We don't know the exact legal status at this point because, as I said, that's
something to be negotiated and discussed, but we do know this. It seems that a
majority of Iraqis, whether we're dealing with political leaders on the
Governing Council or around the country, religious leaders, regional leaders or
just regular Iraqis whose opinions we survey in our public opinion research,
overwhelming majority of Iraqis want the U.S. security forces to be here
post-June 30th. They recognize the security situation is not sufficiently stable
for us to depart.
While Iraqis will increasingly play a lead role in their security affairs, and
they already are starting to do that -- well over 150,000 Iraqis today in
security positions in their own country, more than there are Americans in
security positions in this country -- it's still important for Americans to have
some responsibility here. And while Secretary Rumsfeld has said he would never
want U.S. forces to be deployed anywhere where they're not welcome, it seems to
us the overwhelming majority of Iraqis believe that American forces should be
Q (In Arabic.)
GEN. KIMMITT: What we would tell the children of Iraq is that the noise they
hear is the sound of freedom. Those helicopters are in the air to provide
safety, provide security. Certainly our helicopter pilots do not fly at an
altitude intentionally to distract the children of Iraq. They're there for their
safety. They're there for their protection. And just as my wife, who is a
schoolteacher, tells the children when they're sitting in the classroom that,
when they hear the artillery rounds go off at Fort Bragg, she says, "Children,
that's the sound of freedom." They seem to be quite pleased with that
explanation.
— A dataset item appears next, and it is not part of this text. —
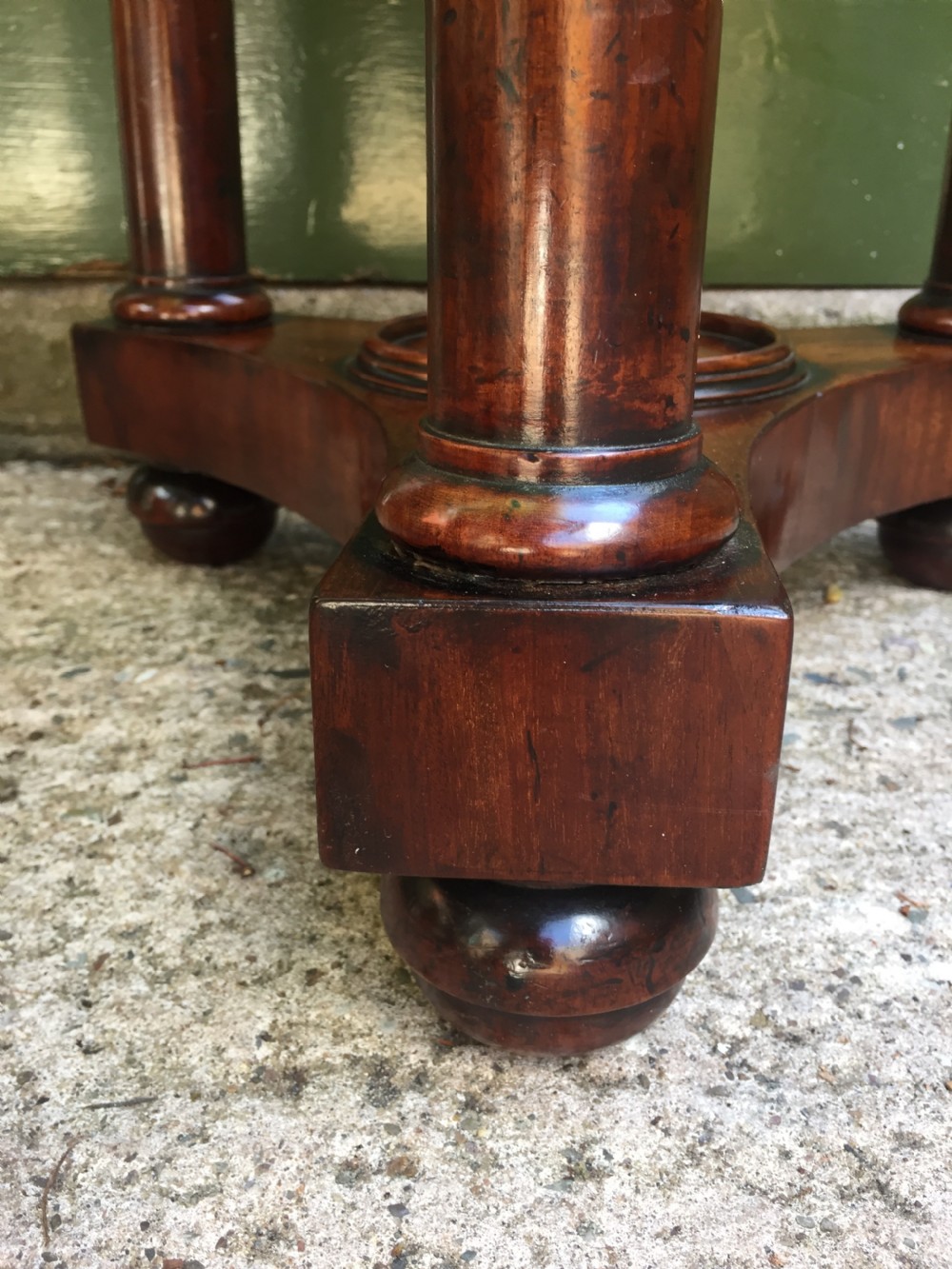 An early 19th-century French circular mahogany vide-poche table featuring a raised turned bowl, three column supports, and a triform base. View XI
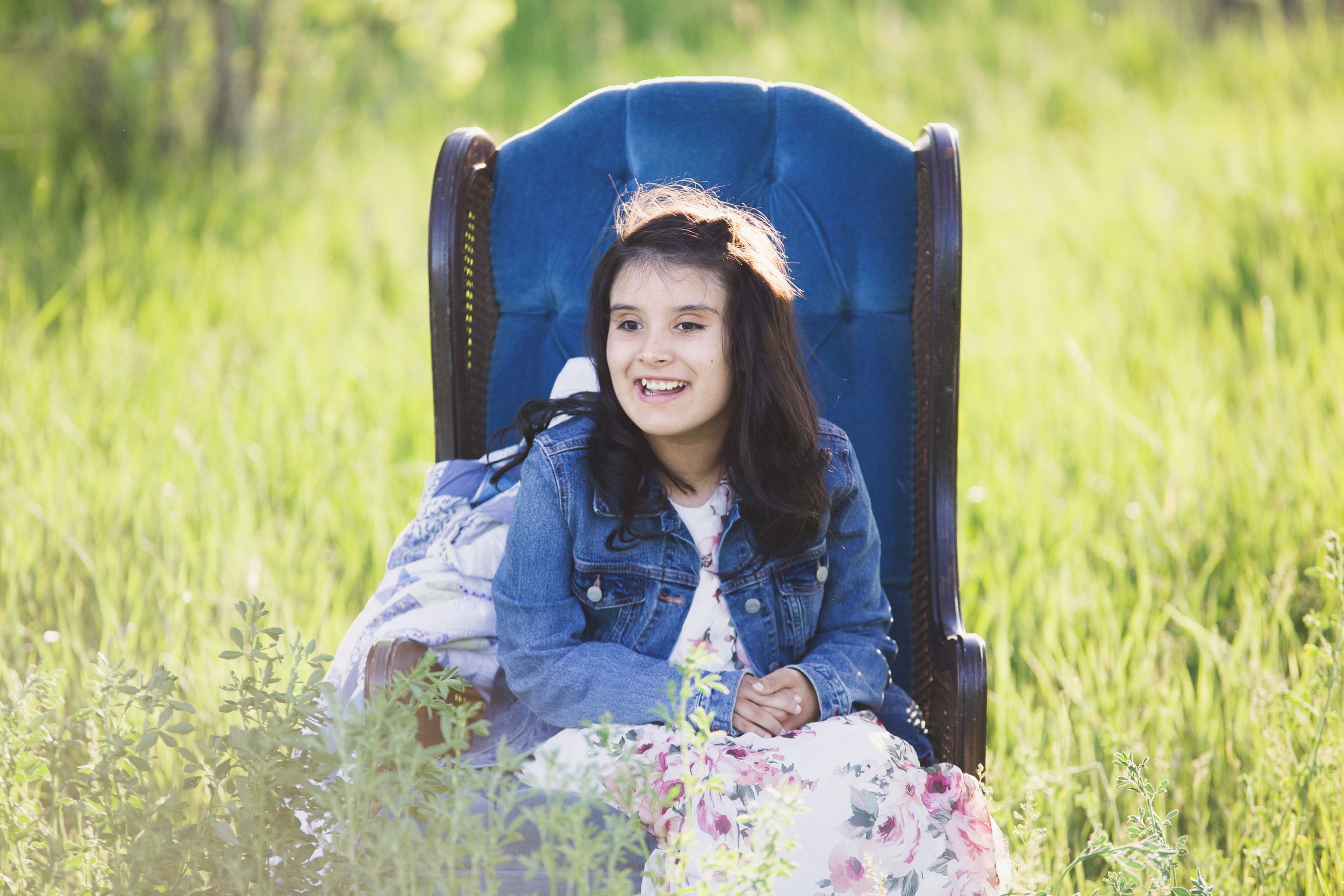 Person relaxes in blue vintage chair surrounded by tall grass and wildflowers.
We would recommend that you tell the same thing to the children of
Iraq, that that helicopter noise you hear above you ensures that they don't have
to worry for the future.
MR. SENOR: We have time for one more. Yes, ma'am?
Q (Off mike.)
MR. SENOR: You got to turn on your microphone. There you go.
Q (In Arabic.)
GEN. KIMMITT: And we certainly understand that there will be some measure of
inconvenience that occurs as the coalition and the Iraqi security forces are
working side by side in a partnership to protect the people of Iraq. We would
certainly hope that all of us take a look at the larger purpose of what those
soldiers represent and what those vehicles represent, which is to bring a safe
and secure environment to the people of Iraq to ensure that we can move on to
independence, sovereignty and a bright future for the people.
MR. SENOR: We'll wrap up. A reminder again, tomorrow opening of the press center
is at 10:00 a.m. There will be some administrative items at that point, and then
a backgrounder by a senior coalition official.
Thanks, everybody. Have a good evening.